MinD Mad in Design: il Design come strumento di inclusione sociale. Quando il design si confronta con lo spazio della mente umana, quando supera i limiti della presunta normalità, quando è stimolato dalla necessità del benessere a trovare nuove soluzioni e sa cambiare prospettive e punti di vista, allora il design può diventare “cura” e aprire a nuovi percorsi professionali e di riabilitazione. MinD – Mad in Design è un progetto didattico e culturale che affronta, nell’ambito della formazione universitaria e dell’inserimento nel mondo del lavoro, il tema del progetto dei luoghi del disagio mentale. MinD nasce da un’idea degli architetti Giulia Mezzalama e Sandra Poletto, della psicologa Elena Varini, ed è promosso da Camplus – Fondazione CEUR (Centro Europeo Università e Ricerca) con Blu Acqua, società attiva nell’ambito della residenzialità psichiatrica, con il sostegno della Compagnia di San Paolo e la collaborazione di istituzioni universitarie e aziende del settore. Articolato in un workshop e una serie di eventi collaterali, MinD sperimenta metodi di lavoro, approcci e soluzioni per un’idea di abitare socialmente inclusivo.
IL WORKSHOP – 
Nella prestigiosa sede del Camplus Lingotto di Torino, collegio universitario di merito della Fondazione CEUR, durante quattro giorni di workshop, dal 9 al 13 marzo 2017, 42 studenti universitari provenienti da tutta Italia (delle discipline Design, Architettura, Psicologia, Antropologia, Scienze dell’educazione e affini), insieme a 12 utenti seguiti dai servizi di salute mentale, si sono trovati per sperimentare nuove soluzioni per un abitare inclusivo. Seguendo un approccio multidisciplinare e olistico, e partendo dai bisogni della residenzialità psichiatrica, sei team di progettazione, guidati da designer professionisti.

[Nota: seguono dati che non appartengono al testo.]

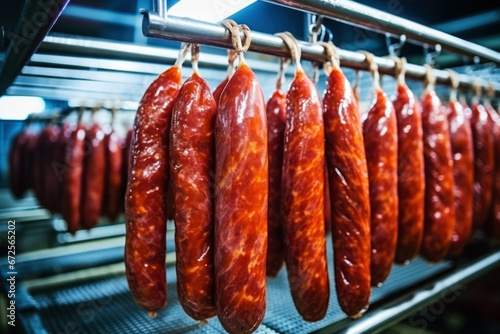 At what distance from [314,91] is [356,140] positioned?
0.73 feet

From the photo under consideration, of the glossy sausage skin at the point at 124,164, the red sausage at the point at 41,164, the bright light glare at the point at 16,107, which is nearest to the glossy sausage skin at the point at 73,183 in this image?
the glossy sausage skin at the point at 124,164

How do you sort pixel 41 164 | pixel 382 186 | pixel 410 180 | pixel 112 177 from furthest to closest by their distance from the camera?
pixel 41 164 < pixel 112 177 < pixel 410 180 < pixel 382 186

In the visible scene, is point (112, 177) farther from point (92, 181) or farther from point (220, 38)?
point (220, 38)

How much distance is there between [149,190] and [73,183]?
159 cm

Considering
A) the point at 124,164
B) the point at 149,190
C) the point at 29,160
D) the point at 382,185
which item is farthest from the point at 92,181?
the point at 382,185

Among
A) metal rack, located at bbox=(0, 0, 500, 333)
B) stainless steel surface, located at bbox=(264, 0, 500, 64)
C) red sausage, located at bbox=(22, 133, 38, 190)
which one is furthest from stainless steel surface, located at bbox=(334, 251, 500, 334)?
red sausage, located at bbox=(22, 133, 38, 190)

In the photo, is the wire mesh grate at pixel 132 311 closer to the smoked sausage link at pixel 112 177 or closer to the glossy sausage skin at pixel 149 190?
the smoked sausage link at pixel 112 177

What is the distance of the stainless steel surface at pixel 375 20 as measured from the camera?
1.07 metres

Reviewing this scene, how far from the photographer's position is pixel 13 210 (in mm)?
4102

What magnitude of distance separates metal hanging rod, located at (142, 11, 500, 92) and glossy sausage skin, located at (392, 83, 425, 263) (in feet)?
0.78

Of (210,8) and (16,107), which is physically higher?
(210,8)

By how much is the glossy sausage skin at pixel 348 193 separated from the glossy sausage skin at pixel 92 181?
1.82 metres

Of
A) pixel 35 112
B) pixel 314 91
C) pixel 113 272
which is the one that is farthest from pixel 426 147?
pixel 35 112

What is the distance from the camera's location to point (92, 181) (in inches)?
96.3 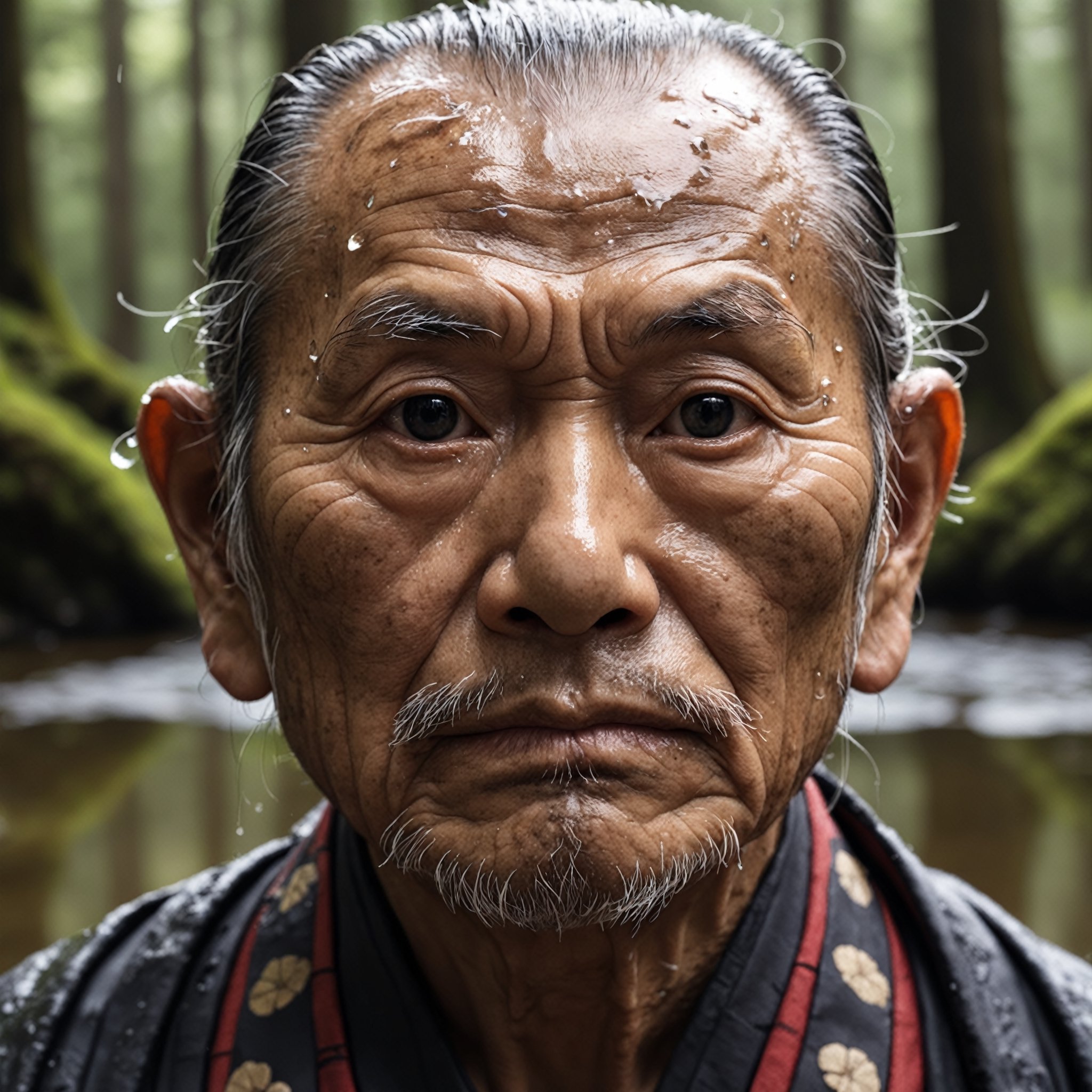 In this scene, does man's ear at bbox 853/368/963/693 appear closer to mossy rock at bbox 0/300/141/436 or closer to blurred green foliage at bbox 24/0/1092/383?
mossy rock at bbox 0/300/141/436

MinD offre un’esperienza di formazione fortemente inclusiva e interdisciplinare, e l’occasione di impegnarsi in prima linea, mettendo in gioco le proprie competenze e abilità, nel superamento delle barriere del pregiudizio e dell’indifferenza nei confronti delle persone fragili. Partecipare a MinD significa relazionarsi direttamente con una parte della società emarginata, in una dimensione di scambio e ascolto reciproco, per la costruzione di una società più aperta e paritaria.